Your task
Somewhere below, one line contains "Panel Luz Led" and a later line contains "Chiara Boni La". Output those two lines and everything between them exactly, and nothing else.

Dataset records
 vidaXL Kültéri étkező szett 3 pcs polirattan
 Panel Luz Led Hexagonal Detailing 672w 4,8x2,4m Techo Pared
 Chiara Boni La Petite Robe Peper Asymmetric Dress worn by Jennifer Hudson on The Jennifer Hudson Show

...

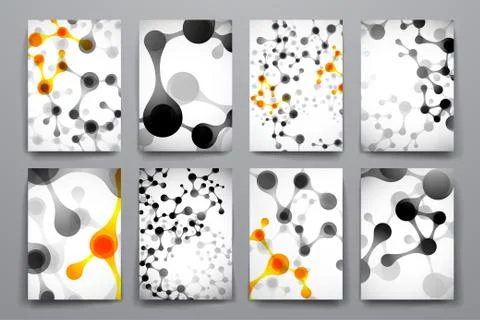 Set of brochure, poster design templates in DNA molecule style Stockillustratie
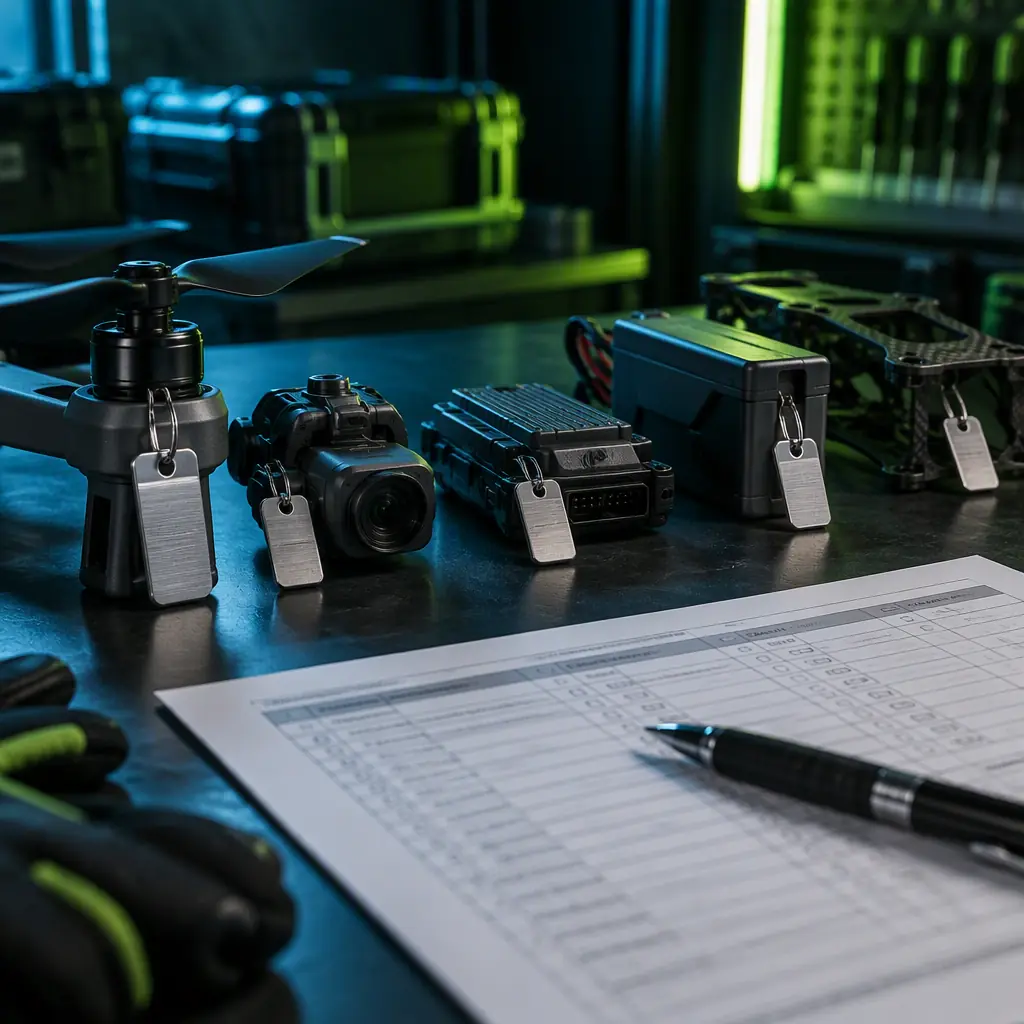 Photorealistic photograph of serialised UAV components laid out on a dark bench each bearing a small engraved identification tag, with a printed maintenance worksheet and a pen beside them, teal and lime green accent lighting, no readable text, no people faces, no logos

==

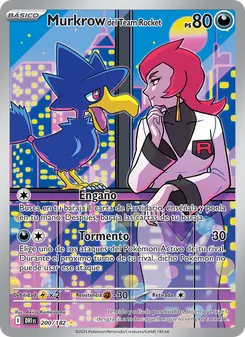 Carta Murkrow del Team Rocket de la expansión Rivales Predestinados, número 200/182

Response box
 Panel Luz Led Hexagonal Detailing 672w 4,8x2,4m Techo Pared
 Chiara Boni La Petite Robe Peper Asymmetric Dress worn by Jennifer Hudson on The Jennifer Hudson Show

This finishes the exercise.